My http request becomes null inside an Akka future - scala

My server application uses Scalatra, with json4s, and Akka.
Most of the requests it receives are POSTs, and they return immediately to the client with a fixed response. The actual responses are sent asynchronously to a server socket at the client. To do this, I need to getRemoteAddr from the http request. I am trying with the following code:
case class MyJsonParams(foo:String, bar:Int)
class MyServices extends ScalatraServlet {
implicit val formats = DefaultFormats
post("/test") {
withJsonFuture[MyJsonParams]{ params =>
// code that calls request.getRemoteAddr goes here
// sometimes request is null and I get an exception
println(request)
}
}
def withJsonFuture[A](closure: A => Unit)(implicit mf: Manifest[A]) = {
contentType = "text/json"
val params:A = parse(request.body).extract[A]
future{
closure(params)
}
Ok("""{"result":"OK"}""")
}
}
The intention of the withJsonFuture function is to move some boilerplate out of my route processing.
This sometimes works (prints a non-null value for request) and sometimes request is null, which I find quite puzzling. I suspect that I must be "closing over" the request in my future. However, the error also happens with controlled test scenarios when there are no other requests going on. I would imagine request to be immutable (maybe I'm wrong?)
In an attempt to solve the issue, I have changed my code to the following:
case class MyJsonParams(foo:String, bar:Int)
class MyServices extends ScalatraServlet {
implicit val formats = DefaultFormats
post("/test") {
withJsonFuture[MyJsonParams]{ (addr, params) =>
println(addr)
}
}
def withJsonFuture[A](closure: (String, A) => Unit)(implicit mf: Manifest[A]) = {
contentType = "text/json"
val addr = request.getRemoteAddr()
val params:A = parse(request.body).extract[A]
future{
closure(addr, params)
}
Ok("""{"result":"OK"}""")
}
}
This seems to work. However, I really don't know if it is still includes any bad concurrency-related programming practice that could cause an error in the future ("future" meant in its most common sense = what lies ahead :).
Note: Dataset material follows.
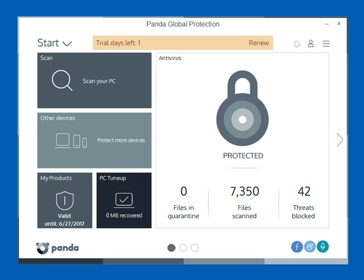Hello, everyone. This is John with GetPCSecurity.com. In this video, we're going to review the portal and walk through the Panda Global Protection product.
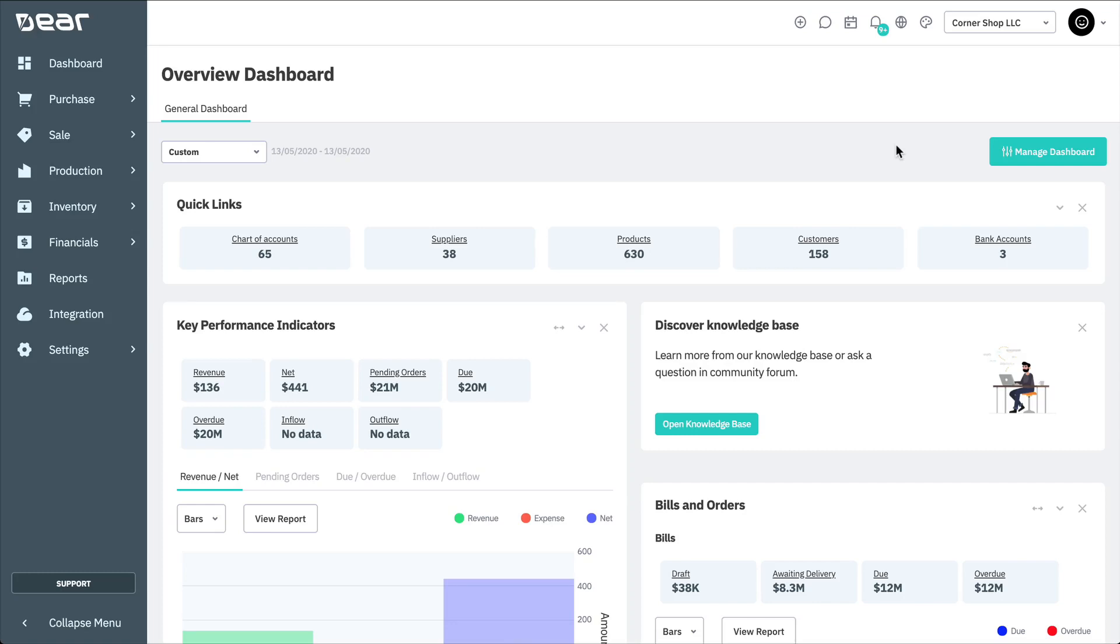Thank you for watching this Deer Systems tutorial. In this video, we'll cover document and email template editing in Deer Inventory.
Scalatra is not so well suited for asynchronous code. I recently stumbled on the very same problem as you.
The problem is that scalatra tries to make the code as declarative as possible by exposing a dsl that removes as much fuss as possible, and in particular does not require you to explicitly pass data around.
I'll try to explain.
In your example, the code inside post("/test") is an anonymous function. Notice that it does not take any parameter, not even the current request object.
Instead, scalatra will store the current request object inside a thread local value just before it calls your own handler, and you can then get it back through ScalatraServlet.request.
This is the classical Dynamic Scope pattern. It has the advantage that you can write many utility methods that access the current request and call them from your handlers, without explicitly passing the request.
Now, the problem comes when you use asynchronous code, as you do.
In your case, the code inside withJsonFuture executes on another thread than the original thread that the handler was initially called (it will execute on a thread from the ExecutionContext's thread pool).
Thus when accessing the thread local, you are accessing a totally distinct instance of the thread local variable.
Simply put, the classical Dynamic Scope pattern is no fit in an asynchronous context.
The solution here is to capture the request at the very start of your handler, and then exclusively reference that:
post("/test") {
val currentRequest = request
withJsonFuture[MyJsonParams]{ params =>
// code that calls request.getRemoteAddr goes here
// sometimes request is null and I get an exception
println(currentRequest)
}
}
Quite frankly, this is too easy to get wrong IMHO, so I would personally avoid using Scalatra altogether if you are in an synchronous context.

I don't know Scalatra, but it's fishy that you are accessing a value called request that you do not define yourself. My guess is that it is coming as part of extending ScalatraServlet. If that's the case, then it's probably mutable state that it being set (by Scalatra) at the start of the request and then nullified at the end. If that's happening, then your workaround is okay as would be assigning request to another val like val myRequest = request before the future block and then accessing it as myRequest inside of the future and closure.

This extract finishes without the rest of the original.